As much about female independence as Victorian morality, Charlotte Brontë’s “Jane Eyre” is really a Gothic feminist Cinderella tale. The lush, 1847 novel is a full-bodied, deeply satisfying story of a woman of uncommon intelligence and honesty, passion and restraint, a strong will and indomitable spirit, beset by hardship, poverty, cruelty, greed — and love — in extremis. Dickensian in scope. Operatic in proportion. In short, an apt undertaking for the creators of “Les Miz” and “Nicholas Nickleby,” theater artists who know how to spin great literature into gold. But director/librettist John Caird and designer John Napier, veterans of the Royal Shakespeare Company, were reunited by an American pop-song writer, Paul Gordon, who had the idea for the whole enterprise in the first place. It started as a workshop in Wichita and made its way to a big production in Toronto. But now, here, “Jane Eyre” is readying herself for Broadway. And I think she’ll stride into the City with her head held high.
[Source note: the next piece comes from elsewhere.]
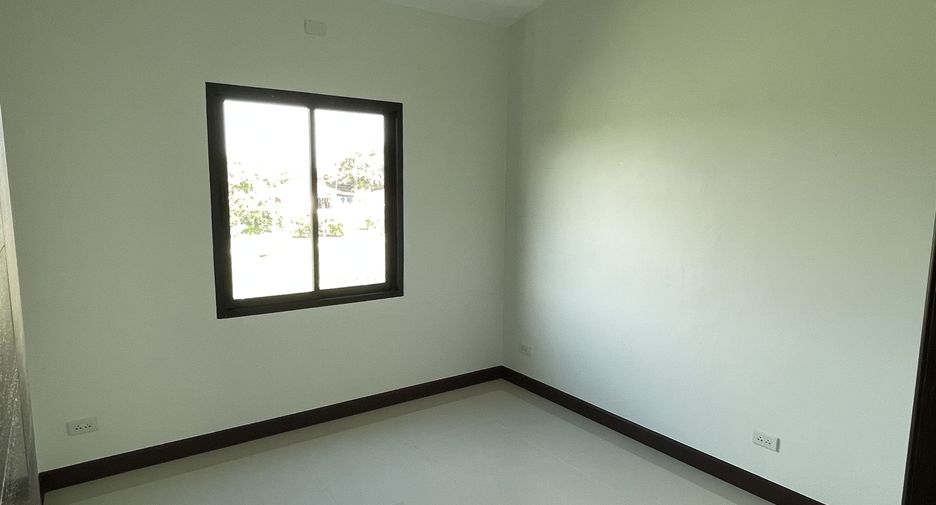 For sale 3 bedrooms house in Mueang Phitsanulok, Phitsanulok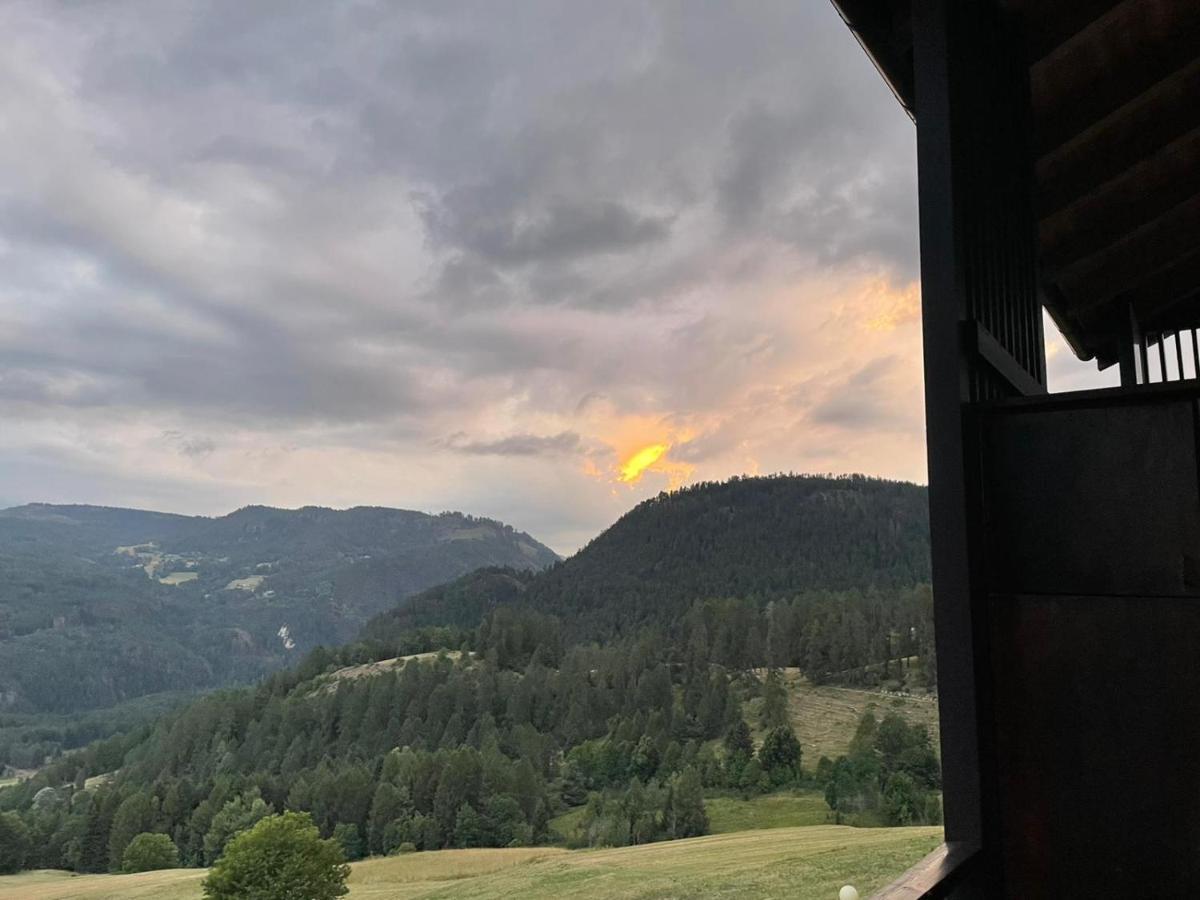 La Casa Di Grace Nella Valle Incantantata Carano  Exteriör bild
The piece isn’t perfect, but it’s absorbing, engaging, engulfing. And often jaw-dropping gorgeous. Napier’s set and Chris Parry’s lighting conspire to make the most magnificent, painterly stage pictures you may ever have seen. Isolated set pieces fly in, drop down, or hover above, lit like Rembrandts, in a brilliant play of shadow and light. Yes, the multiple turntables, more than a little redolent of “Les Miz,” are inventive, but also intrusive, noisy, even dizzying at times. And the show is relentlessly dark. There are moments of joy in Jane’s experience, but that’s never reflected in Gordon’s music, which is well-suited to her despair, but unlike her life, is virtually without reprieve.
There are even carefree characters, like playful Adele, ward of Mr. Rochester, to whom Jane becomes governess. But, except for one or two attempts at sly humor and sarcasm, the songs have a surging, swelling sameness, leaning too heavily on lugubrious ballads. The melodies are appealing, if not memorable. The lyrics, mostly by Gordon with additions by Caird, are straight-ahead, no-nonsense, at times poetic, like Brontë’s writing, like Jane herself, advancing the well-honed story, with snippets of theme and melody resurfacing later to excellent effect. What makes the score sing is the magnificent voices and vocal arrangements. The cast of 19 is outstanding. Marla Schaffel is a luminous plain-Jane, exceptionally strong of spirit and voice, and wonderfully matched with her younger self, in the lovely duet, “Let Me Be Brave.”
MUSIC: “Let Me Be Brave”
The youthful performers are all excellent: Tiffany Scarritt as young Jane, Joelle Shapiro as Adele, and Megan Drew as Jane’s saintly friend Helen. Though James Barbour isn’t half as old as he should be (Edward is supposed to be twice Jane’s age), he’s dashingly attractive and appealing, a mass of tangled passions and suppressed emotion. His voice is transcendent, though it’s somewhat odd for such a gruff and crusty character to be written for such high, sweet singing. But he wraps his magical vocal instrument around every melody, imbuing it with intensity and deeper meaning, as he does exceptionally in the craftily cynical “As Good As You.”
MUSIC: “As Good As You”
So maybe the imaginative design and direction are reminiscent of “Les Miz.” Or “Nicholas Nickleby,” in the inventive sharing of narration by a chameleon cast. And maybe the tale of a proud, young orphaned girl who suffers grief and tyranny but learns humility and forgiveness does make you think of “The Secret Garden.” They’re all marvelous stories, snatched from the literary canon and brought to magical, musical life onstage. Jane Eyre – both the character and the musical – has a way of worming herself into your heart and your mind. She may seem a tad dour or derivative, but she’s a beauty in her own right, and ultimately rather hard to forget.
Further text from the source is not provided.